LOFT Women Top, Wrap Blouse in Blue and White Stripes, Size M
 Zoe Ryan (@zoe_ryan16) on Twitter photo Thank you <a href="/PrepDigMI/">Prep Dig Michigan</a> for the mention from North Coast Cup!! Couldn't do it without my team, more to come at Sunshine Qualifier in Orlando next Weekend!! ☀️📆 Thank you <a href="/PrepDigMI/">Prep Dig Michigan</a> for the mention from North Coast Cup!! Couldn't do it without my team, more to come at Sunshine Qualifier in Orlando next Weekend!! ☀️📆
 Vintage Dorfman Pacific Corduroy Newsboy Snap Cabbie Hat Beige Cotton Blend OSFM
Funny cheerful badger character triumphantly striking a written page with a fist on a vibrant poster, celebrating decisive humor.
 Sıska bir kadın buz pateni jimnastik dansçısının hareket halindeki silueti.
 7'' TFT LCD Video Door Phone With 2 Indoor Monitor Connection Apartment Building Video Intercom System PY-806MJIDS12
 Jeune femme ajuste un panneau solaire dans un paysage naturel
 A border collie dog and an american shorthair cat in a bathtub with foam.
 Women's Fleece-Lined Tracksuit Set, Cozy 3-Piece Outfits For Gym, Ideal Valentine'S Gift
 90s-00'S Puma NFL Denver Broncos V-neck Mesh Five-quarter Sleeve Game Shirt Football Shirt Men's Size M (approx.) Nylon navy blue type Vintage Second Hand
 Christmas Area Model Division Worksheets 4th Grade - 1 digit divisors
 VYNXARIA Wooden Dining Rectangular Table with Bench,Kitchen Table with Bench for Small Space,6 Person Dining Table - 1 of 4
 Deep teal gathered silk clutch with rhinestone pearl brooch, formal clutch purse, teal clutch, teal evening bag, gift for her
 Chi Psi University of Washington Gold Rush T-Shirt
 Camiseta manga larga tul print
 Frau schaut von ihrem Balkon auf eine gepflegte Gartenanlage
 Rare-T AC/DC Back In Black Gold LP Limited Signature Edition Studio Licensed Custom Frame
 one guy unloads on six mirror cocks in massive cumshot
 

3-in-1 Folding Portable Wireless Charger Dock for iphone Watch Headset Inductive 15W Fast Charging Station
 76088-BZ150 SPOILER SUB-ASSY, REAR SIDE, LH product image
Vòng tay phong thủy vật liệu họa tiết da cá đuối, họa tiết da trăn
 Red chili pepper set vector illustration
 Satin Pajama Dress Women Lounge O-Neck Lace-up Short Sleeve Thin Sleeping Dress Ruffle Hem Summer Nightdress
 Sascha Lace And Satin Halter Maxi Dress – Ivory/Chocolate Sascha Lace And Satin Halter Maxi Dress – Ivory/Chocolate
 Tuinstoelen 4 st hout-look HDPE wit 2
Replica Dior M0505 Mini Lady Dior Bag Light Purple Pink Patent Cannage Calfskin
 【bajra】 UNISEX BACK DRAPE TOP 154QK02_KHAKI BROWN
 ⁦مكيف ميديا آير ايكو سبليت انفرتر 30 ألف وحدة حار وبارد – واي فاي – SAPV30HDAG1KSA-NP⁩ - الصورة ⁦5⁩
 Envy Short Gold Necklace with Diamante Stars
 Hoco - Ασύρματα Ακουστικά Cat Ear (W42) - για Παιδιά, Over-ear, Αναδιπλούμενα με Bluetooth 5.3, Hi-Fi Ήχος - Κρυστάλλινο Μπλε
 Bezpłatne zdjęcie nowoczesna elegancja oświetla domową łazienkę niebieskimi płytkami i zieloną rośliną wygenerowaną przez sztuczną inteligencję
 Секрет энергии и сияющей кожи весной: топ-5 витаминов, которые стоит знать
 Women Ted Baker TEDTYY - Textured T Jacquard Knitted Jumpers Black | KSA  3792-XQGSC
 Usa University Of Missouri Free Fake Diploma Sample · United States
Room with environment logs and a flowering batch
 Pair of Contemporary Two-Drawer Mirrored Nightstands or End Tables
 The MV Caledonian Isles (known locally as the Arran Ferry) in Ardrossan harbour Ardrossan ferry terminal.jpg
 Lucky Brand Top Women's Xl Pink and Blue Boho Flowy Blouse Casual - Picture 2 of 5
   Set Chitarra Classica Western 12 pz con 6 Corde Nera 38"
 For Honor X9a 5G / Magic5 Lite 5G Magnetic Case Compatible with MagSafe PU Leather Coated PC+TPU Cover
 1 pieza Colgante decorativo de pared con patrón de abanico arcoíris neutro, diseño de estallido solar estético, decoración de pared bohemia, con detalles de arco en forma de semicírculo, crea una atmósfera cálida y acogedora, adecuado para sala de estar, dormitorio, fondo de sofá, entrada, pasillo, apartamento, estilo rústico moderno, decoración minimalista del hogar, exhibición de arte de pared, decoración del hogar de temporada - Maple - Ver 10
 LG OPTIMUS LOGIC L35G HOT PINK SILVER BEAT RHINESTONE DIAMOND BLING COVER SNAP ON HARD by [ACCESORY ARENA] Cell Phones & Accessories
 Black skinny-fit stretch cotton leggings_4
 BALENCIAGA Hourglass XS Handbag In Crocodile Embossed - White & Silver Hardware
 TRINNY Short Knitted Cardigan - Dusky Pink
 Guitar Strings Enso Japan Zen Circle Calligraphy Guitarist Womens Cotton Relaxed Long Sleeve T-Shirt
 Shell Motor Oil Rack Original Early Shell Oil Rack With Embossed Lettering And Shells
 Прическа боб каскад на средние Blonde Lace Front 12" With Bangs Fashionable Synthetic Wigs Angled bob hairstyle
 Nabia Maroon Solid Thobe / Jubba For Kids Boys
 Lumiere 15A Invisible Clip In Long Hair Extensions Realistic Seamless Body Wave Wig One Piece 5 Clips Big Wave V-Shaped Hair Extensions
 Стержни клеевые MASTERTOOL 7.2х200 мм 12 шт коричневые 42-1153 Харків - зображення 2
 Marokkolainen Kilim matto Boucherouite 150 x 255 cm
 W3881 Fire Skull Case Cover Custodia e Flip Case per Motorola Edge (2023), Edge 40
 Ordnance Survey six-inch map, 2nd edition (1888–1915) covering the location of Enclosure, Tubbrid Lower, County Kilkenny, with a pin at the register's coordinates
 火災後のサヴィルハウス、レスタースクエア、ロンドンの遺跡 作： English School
|---|
* Problem *
Reply with the number of lines in the data that include the string "University" and nothing else.

* Solution *
2